OBJECTIVES:
1. To demonstrate the Central Limit Theorem by generating a pdf of Gaussian data from uniformly distributed random data.
2. To demonstrate the relation between statistical variability and sampling variability as well as the sensitivity of the Chi-Square goodness-of-fit test to the sample size of Gaussian data.
3. To compute the pdf of geophysical data and to compare it with the expected Gaussian pdf by using the Chi-Square test.
PROCEDURE:
1. Log on to the linux workstation. Open a terminal window by right-clicking on the desktop and choosing "New Terminal".
2. At the linux command line, create a subdirectory called oc3150:
mkdir ~/oc3150
Download the necessary data and program files to this
directory. Begin by
selecting the data sets that you have been assigned from the table below.
The data set will appear in the browser window; choose "save as" under
the "file" menu and save it to your oc3150 directory. Then use the "Back"
button to return to this page. (Or: Right-click on your data set name and
choose "Save Link Target As".) Keep the filename that
is already suggested in the "Save As" window (e.g., c22x.data, c31y.data, etc).

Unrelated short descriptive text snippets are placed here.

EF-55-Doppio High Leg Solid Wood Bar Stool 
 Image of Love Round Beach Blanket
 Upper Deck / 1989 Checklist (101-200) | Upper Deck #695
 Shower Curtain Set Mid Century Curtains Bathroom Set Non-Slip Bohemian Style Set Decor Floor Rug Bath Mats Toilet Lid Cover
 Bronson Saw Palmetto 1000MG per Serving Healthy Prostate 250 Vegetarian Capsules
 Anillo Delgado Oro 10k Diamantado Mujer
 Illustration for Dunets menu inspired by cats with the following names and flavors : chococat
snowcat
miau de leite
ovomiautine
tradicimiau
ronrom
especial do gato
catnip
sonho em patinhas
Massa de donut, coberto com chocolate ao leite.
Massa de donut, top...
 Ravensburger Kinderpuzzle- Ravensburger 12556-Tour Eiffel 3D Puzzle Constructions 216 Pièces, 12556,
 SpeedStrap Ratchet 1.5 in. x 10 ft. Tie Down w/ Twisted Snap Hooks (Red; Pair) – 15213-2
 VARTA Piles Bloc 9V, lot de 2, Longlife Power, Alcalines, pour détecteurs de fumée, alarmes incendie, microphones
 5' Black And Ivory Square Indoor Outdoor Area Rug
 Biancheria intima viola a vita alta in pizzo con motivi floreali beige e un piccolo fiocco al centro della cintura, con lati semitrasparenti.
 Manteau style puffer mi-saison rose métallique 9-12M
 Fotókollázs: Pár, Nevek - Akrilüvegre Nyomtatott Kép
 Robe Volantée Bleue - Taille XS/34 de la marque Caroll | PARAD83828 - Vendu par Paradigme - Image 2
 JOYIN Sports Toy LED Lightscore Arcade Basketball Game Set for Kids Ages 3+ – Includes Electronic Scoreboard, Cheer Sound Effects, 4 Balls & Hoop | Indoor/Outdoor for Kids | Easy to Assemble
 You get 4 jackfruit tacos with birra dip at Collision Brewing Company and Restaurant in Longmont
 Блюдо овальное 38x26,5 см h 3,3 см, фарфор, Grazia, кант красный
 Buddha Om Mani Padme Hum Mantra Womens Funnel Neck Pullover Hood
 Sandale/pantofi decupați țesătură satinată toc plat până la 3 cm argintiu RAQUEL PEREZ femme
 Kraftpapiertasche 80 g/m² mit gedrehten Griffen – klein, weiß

| c22x w29 c31x c31y | p7b p7ab c31xb | atemp1 atemp2 apres1 |
You should be able to find a table describing each of the above data sets along with a plot of instrument locations near the back of your class notes. For these data sets, the x-axis is positive in the OFFSHORE direction and the y-axis is positive alongshore to the SOUTH, while x-directional currents (e.g., c22x, c31x, etc.) are positive in the ONSHORE direction and y-directional currents (e.g., c31y) are positive alongshore to the NORTH.
3. Now download the lab M-files to your oc3150 directory. With your internet browser, go to the main website for this course (http://www.oc.nps.navy.mil/oc3150/) and click on the link for "Required Matlab Script Files". From this location you can either download individual m-files by clicking on their names or download all files together by selecting "mfiles.tar" and saving it to your oc3150 directory (and/or your PC, if desired). In linux, use the command "tar xvf mfiles.tar" to extract the m-files from the tar file. On a PC, use WinZip or a similar utility to extract/unzip them.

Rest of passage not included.